1. Treatment of Early-Stage Disease
Conservative Treatments
Topical chemotherapy (5-Fluorouracil)
Imiquimod cream
Laser ablation
Cryotherapy
Mohs micrographic surgery
Organ-Preserving Surgery
Wide local excision
Partial glansectomy
2. Treatment of Invasive Disease
Surgical Management
Partial penectomy
Total penectomy (advanced cases)
Perineal urethrostomy after total penectomy
Lymph Node Management
Sentinel lymph node biopsy
Inguinal lymph node dissection
3. Radiotherapy
External beam radiotherapy
Brachytherapy
Useful in early disease or patients unfit for surgery
4. Chemotherapy
Used in advanced or metastatic disease:
Cisplatin-based regimens
Combination chemotherapy (TIP: paclitaxel, ifosfamide, cisplatin)

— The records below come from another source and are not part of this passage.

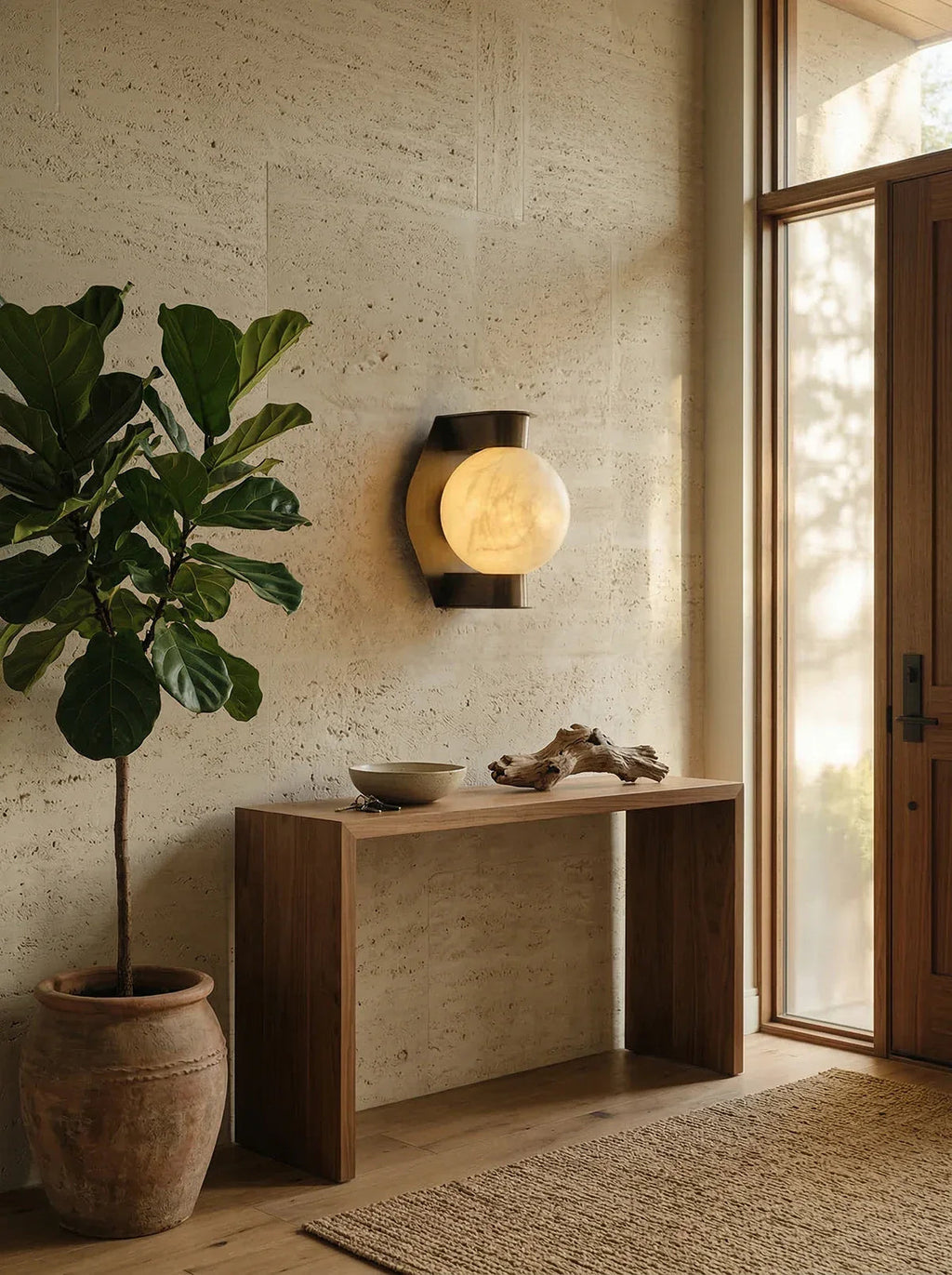 Alabaster Spherical Wall Lamp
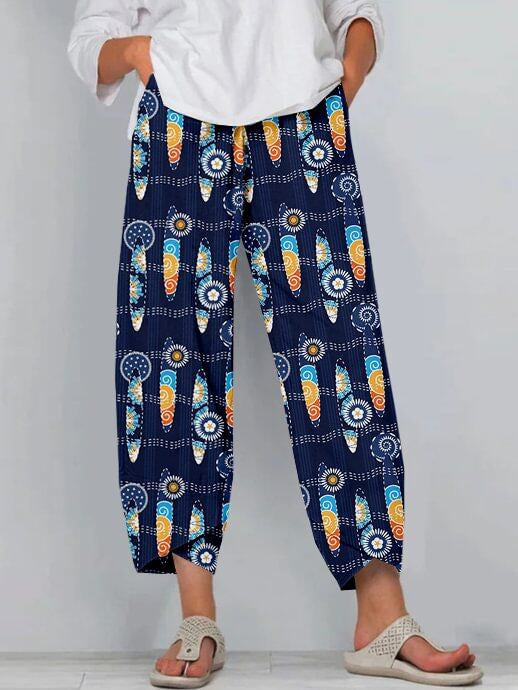 3D-printed Fashion-forward Capri Wide-leg Pants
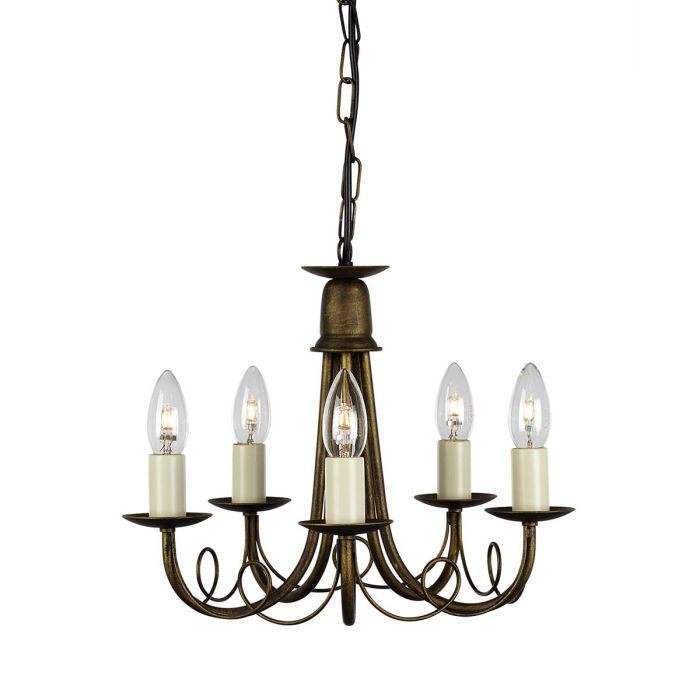 Elstead Lighting Minster 5-Light Black with Gold Patina Candle Chandelier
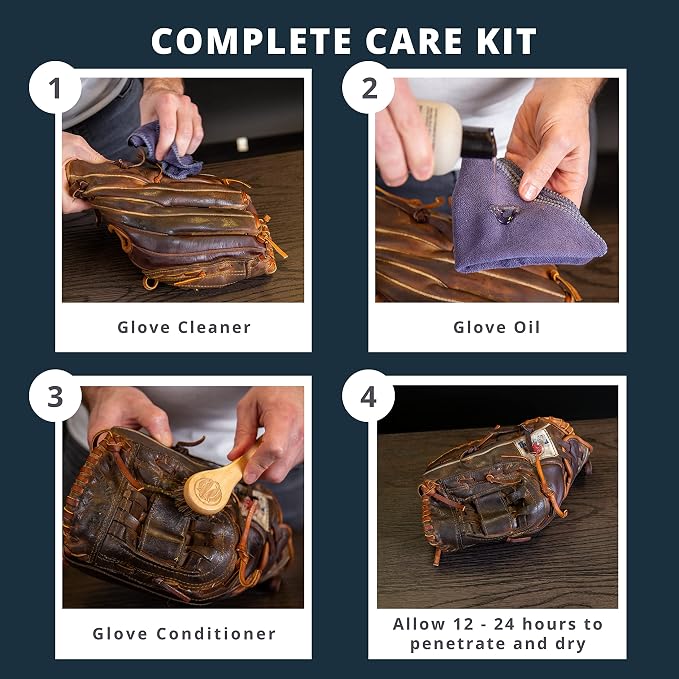 Rhino Wax Baseball Glove Care & Maintenance Kit with Oil & Conditioner | Maintain baseball gloves with premium oil and conditioner that preserve glove quality, flexibility and extend glove life.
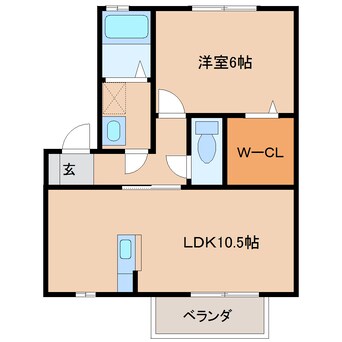 間取図 近鉄御所線/近鉄御所駅 徒歩7分 2階 築18年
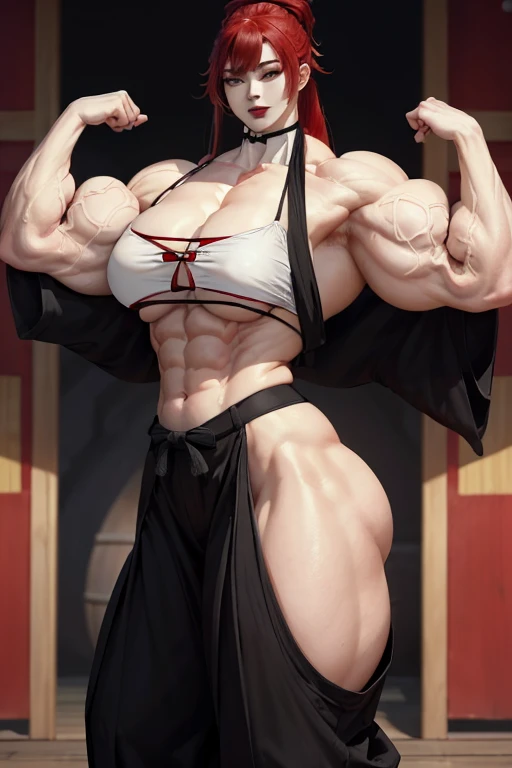 (((Massive tall, beautiful, buff, pale white skinned muscular asian woman with red hair, black lipstick, ginormous bulky muscles and wearing a black hakama pants and red haori))), ((close view)), massive muscles, long shaggy hair, sash belt, yellow eyes, choker, ((black hakama)), ((red haori)), sandals, (in the star filled beautiful village), closed smile, night, ginormous muscles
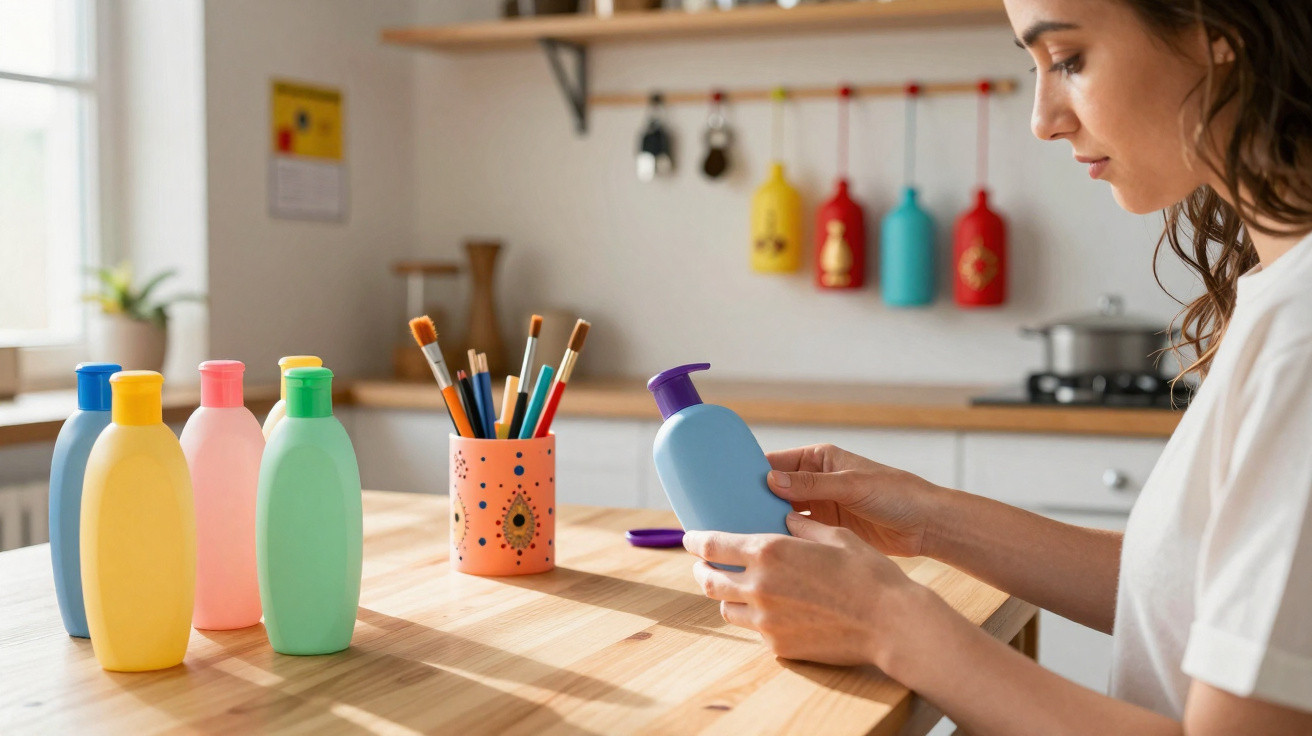 Woman examining blue lotion bottle at kitchen table with colourful bottles and paintbrushes in holder nearby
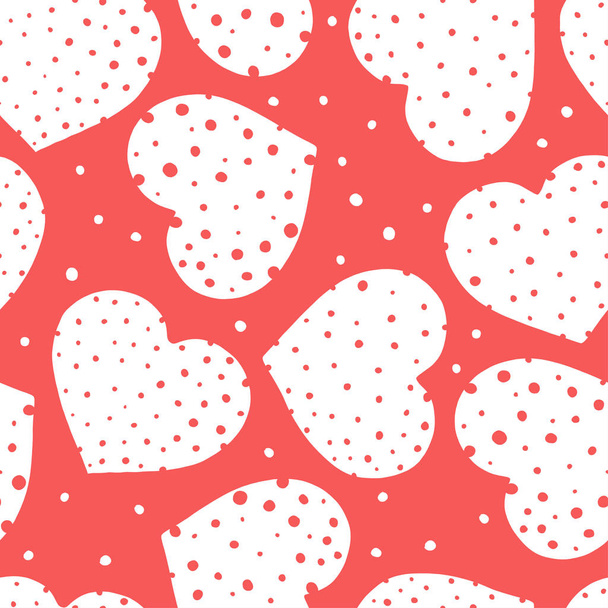 Seamless pattern with white hearts on red background. Valentine s day. - Vector, afbeelding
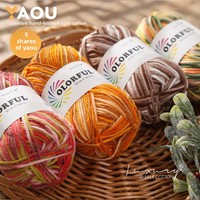 5 Stränge Aou Textile Acryl-Baumwoll-Mischgarn Gefärbt Mehrfarbig Handstrickgarn für DIY Puppen- und Babyprojekte Farbverlauf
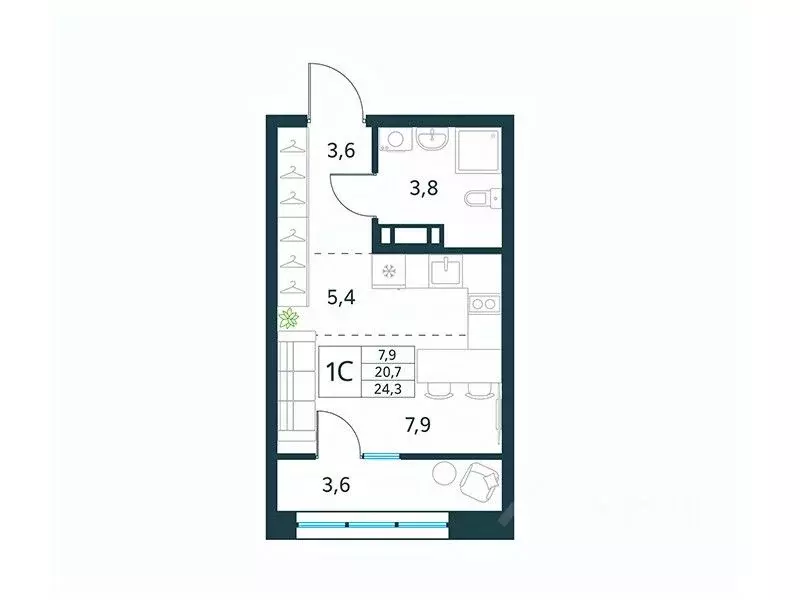 Студия Забайкальский край, Чита Хороший мкр,  (24.3 м) - Фото 1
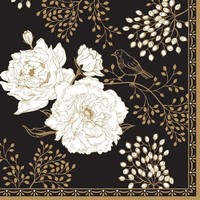 20 Servietten Art Deco & Flowers Modern Art Blumen Umrandung Elegant 33X33Cm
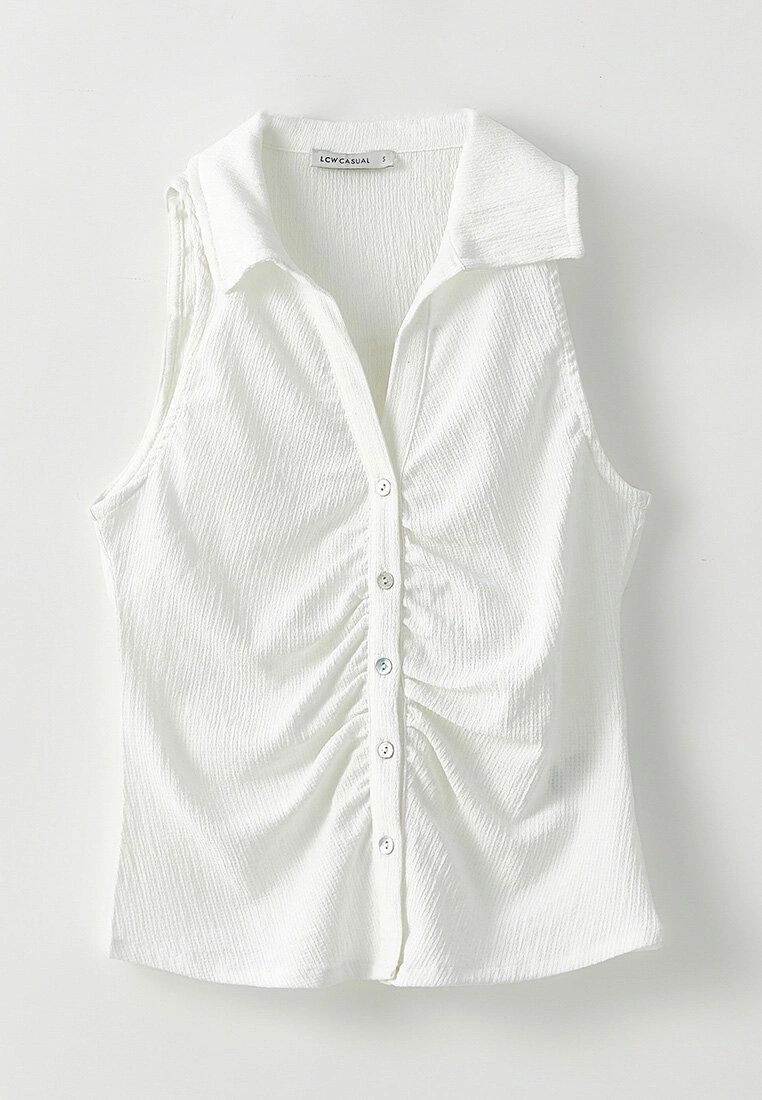 LC WAIKIKI Shirt Collar Self Patterned Sleeveless Women's Blouse 8 LC WAIKIKI Shirt Collar Self Patterned Sleeveless Women's Blouse - Image 6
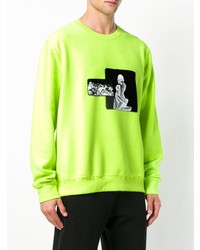Мужской зелено-желтый свитшот с принтом от Misbhv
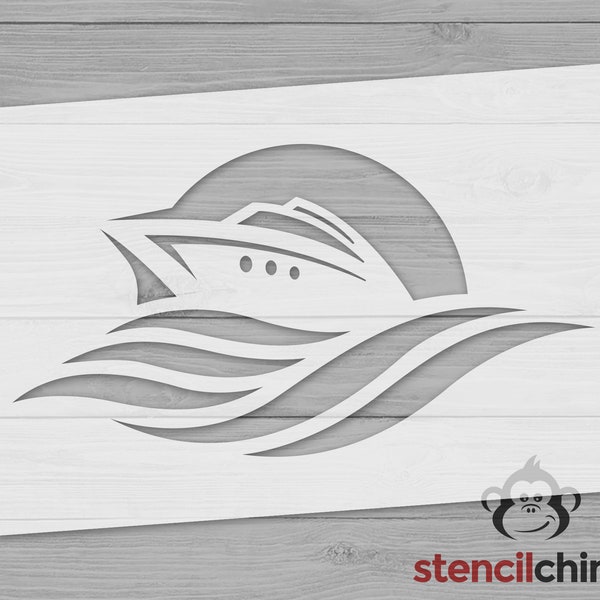 Yacht Stencil, Boat on Waves Stencil, Transportation Stencil, Stencil for Boys Room, Beach Stencil, Sea Stencil for Nautical Scene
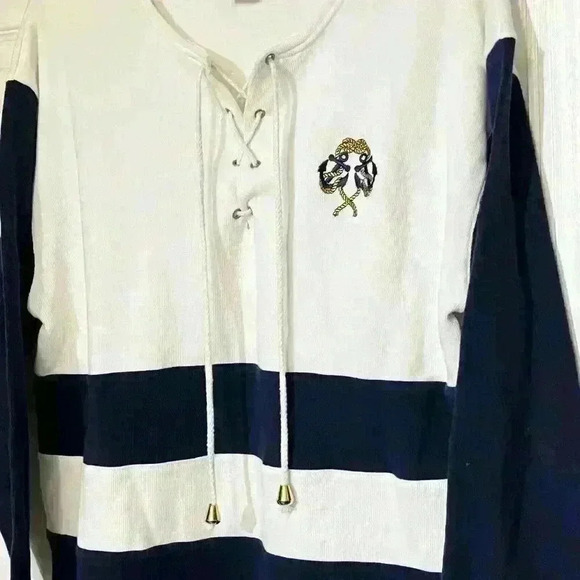 VICTORIA SPORT Vintage Sweater Top Sweatshirt Drawstring Striped Crest Classic - Picture 10 of 13
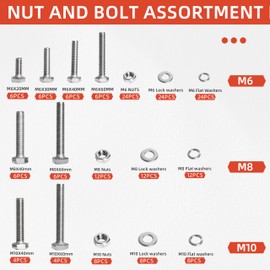 176PCS M6 M8 M10 Nut and Bolt Assortment Sets Heavy Duty, 304 Stainless Steel Hex Head Screw Assortment Kit, Outer Hexagon Machine Screws Bolts/Nuts/Lock Washers/Flat Washers Assortment Set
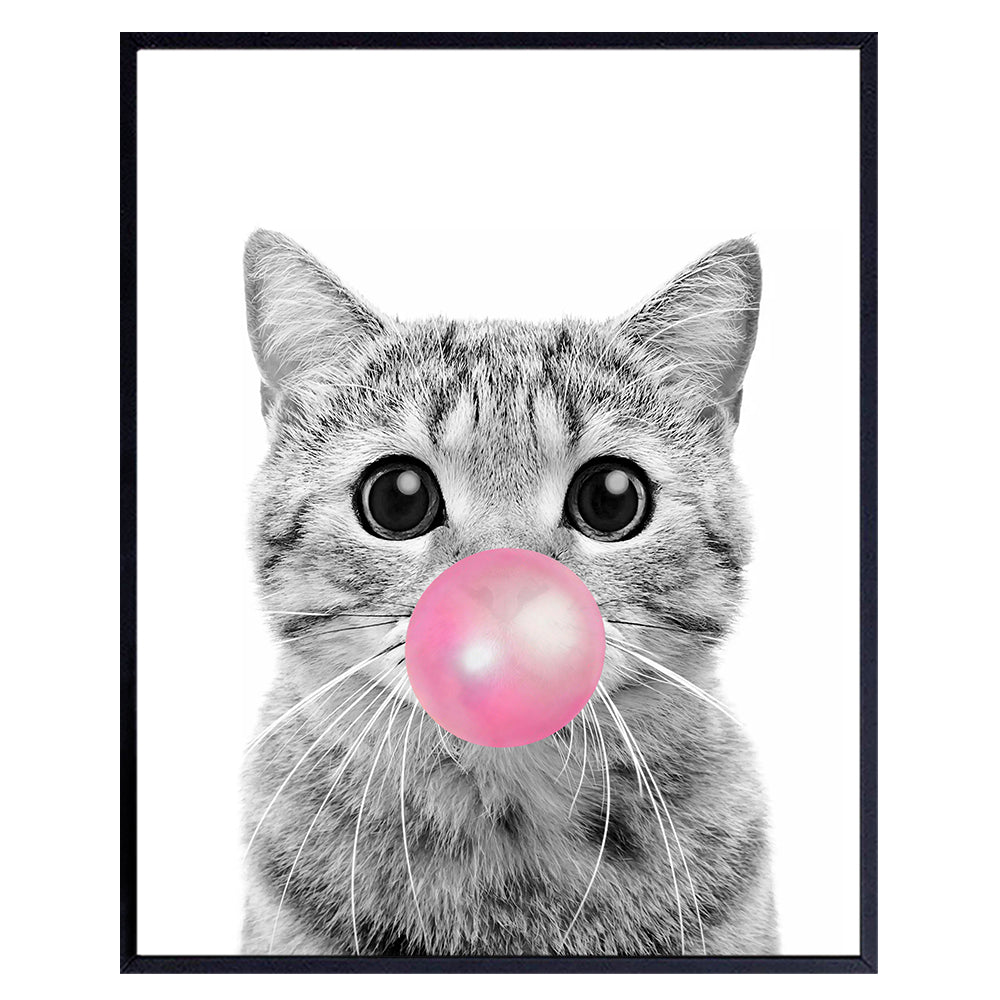 Tabby cat Wall Art - Cute Cat Nursery Wall Decor for Girls Bedroom, Kids Room - Pink Girly Kitty, PussyCat, Kitten Art - Cat Lover Gifts for Women - Adorable Cat Wall Art for Girl - Unframed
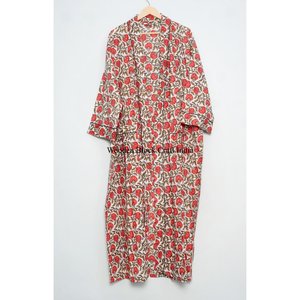 Magnifique kimono long en coton imprimé à la main avec ceinture à nouer pour la nuit, robe de chambre pour femmes, imprimé floral - Product Image 1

5. Targeted and Immunotherapy
Emerging role
HPV-related tumors show better response
~Prognosis
Prognosis depends mainly on:
Tumor stage
Lymph node involvement
Histological grade
Survival Rates
Localized disease: 70–90%
Regional lymph node involvement: 30–50%
Distant metastasis: Poor prognosis
Early diagnosis significantly improves survival and penile preservation.
~Prevention
Primary Prevention
Neonatal circumcision
Proper genital hygiene
Safe sexual practices
HPV vaccination (effective against oncogenic strains)
Secondary Prevention
Early detection of precancerous lesions
Regular medical examination
Prompt biopsy of suspicious lesions
~Psychosocial Impact
Penile carcinoma causes:
Psychological distress
Sexual dysfunction
Body image issues
Social stigma
Multidisciplinary care including psychological support and counseling is essential.
~Conclusion
Penile carcinoma is a rare but potentially fatal malignancy that predominantly affects older, uncircumcised men. Squamous cell carcinoma is the most common histological type, strongly associated with HPV infection, poor hygiene, and chronic inflammation. Early diagnosis through biopsy and appropriate staging is vital for effective management. Treatment ranges from conservative therapies in early stages to radical surgery and chemotherapy in advanced disease. Preventive strategies such as circumcision, hygiene, HPV vaccination, and public awareness play a crucial role in reducing disease burden. With early intervention and modern therapeutic approaches, survival rates and quality of life can be significantly improved.